Given that research has documented a strong relationship between literacy and health outcomes for adults, future research should explore topics concerning literacy and health for adolescents. Some might argue that adolescents have less interaction with the health care system than adults [17] and fewer health problems, suggesting that studying health literacy and youth should not be a priority. However, there are several reasons to pursue health literacy research focusing on adolescents.
Studies have shown that literacy is a significant problem for adolescents, as many adolescents are unable to read at the appropriate grade level [18]. The Nation's Report Card reported that among a national sample of eighth graders, 26% of students scored below the basic reading level score [19]. A recent study of literacy related to health terms found that 46% of adolescent participants were reading below grade level [20]. Although the study of literacy and adolescents is much more advanced than the study of health literacy, there remains a need to better understand the development of literacy skills, create improved assessment methods and continue to examine how environmental factors such as schools influence literacy [21].
While the study of literacy is important, a specific focus on health literacy is becoming more relevant as adolescents are increasingly involved with their health care [22], regularly interact with the health system and access health information which informs their actions and behaviors. Given the low literacy levels among adolescents, it is unclear how well this age group is able to understand, process and evaluate health information, and while prior research has demonstrated that adolescents are interested in understanding health information, they may find it difficult. A recent survey of young adolescents by the Nemours Foundation reported
80% of respondents said they were very or sort of interested in learning more about health, but almost a quarter of them (22%) said health information was very or sort of hard to understand [23, 24].

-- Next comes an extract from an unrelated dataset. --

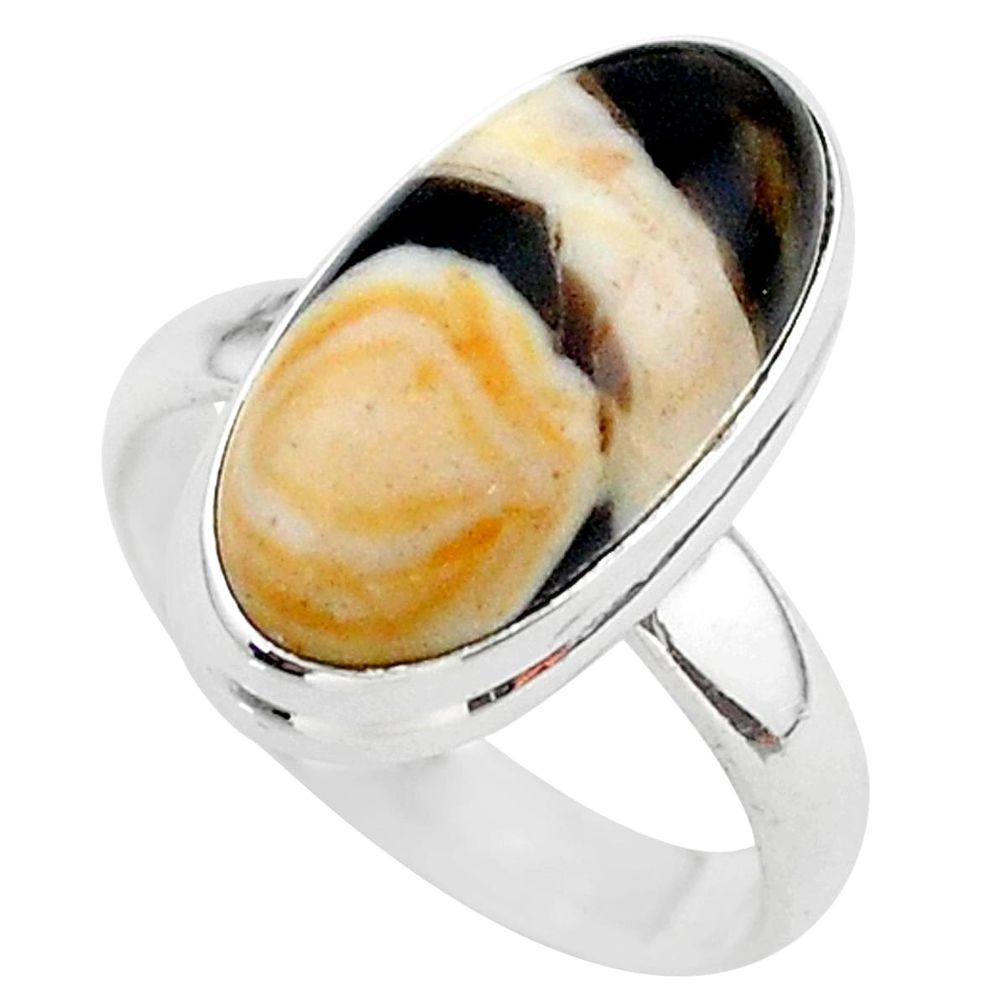 8.60cts solitaire natural peanut petrified wood fossil silver ring size 7 t38949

While health literacy has the potential to affect all adolescents, it is especially relevant for teens with a chronic illness. There is a growing prevalence of chronic illness such as asthma, diabetes, cystic fibrosis and mental illness among youth aged 0–17 [25–27]. Adolescents with chronic illness are likely to have more interaction with the health system, as well as greater responsibility for participating in their care and treatment [25]. Studies have found that teens with a chronic illness such as diabetes go online to seek information about managing their illness [28] and that medical providers believe it is important for adolescents with chronic illness to have adequate health literacy skills [29].
Health literacy also requires attention given the large amount of educational materials distributed to youth by health providers, schools and intervention programs. The readability of materials is highly relevant to health literacy, as adolescents cannot use information to guide their choices about health behavior if they fail to understand information provided to them. For example, Richwald et al. [30] found that eight of 14 sets of condom instructions were written at the level of a high school graduate, and all were written at a 10th grade reading level or higher, suggesting that many adolescents may be unable to comprehend important information about condoms.

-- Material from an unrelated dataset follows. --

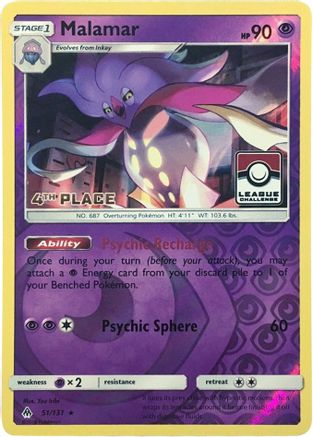 Malamar (51/131) (League Promo 4th Place) [Sun & Moon: Forbidden Light]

Finally, adolescents are at a crucial stage of development characterized by many physical, emotional and cognitive changes [31]. Adolescents experience advances in cognitive abilities, developing an improved capacity for processing information, thinking more about abstract ideas and using reasoning skills [32, 33]. They are also achieving greater autonomy [32]. These changes make adolescence an appropriate time to begin thinking about health literacy interventions, and improving health literacy at an early age has a direct impact on health literacy later in life as adolescents are acquiring knowledge and setting behavior patterns they will carry with them as they transition into adulthood [34].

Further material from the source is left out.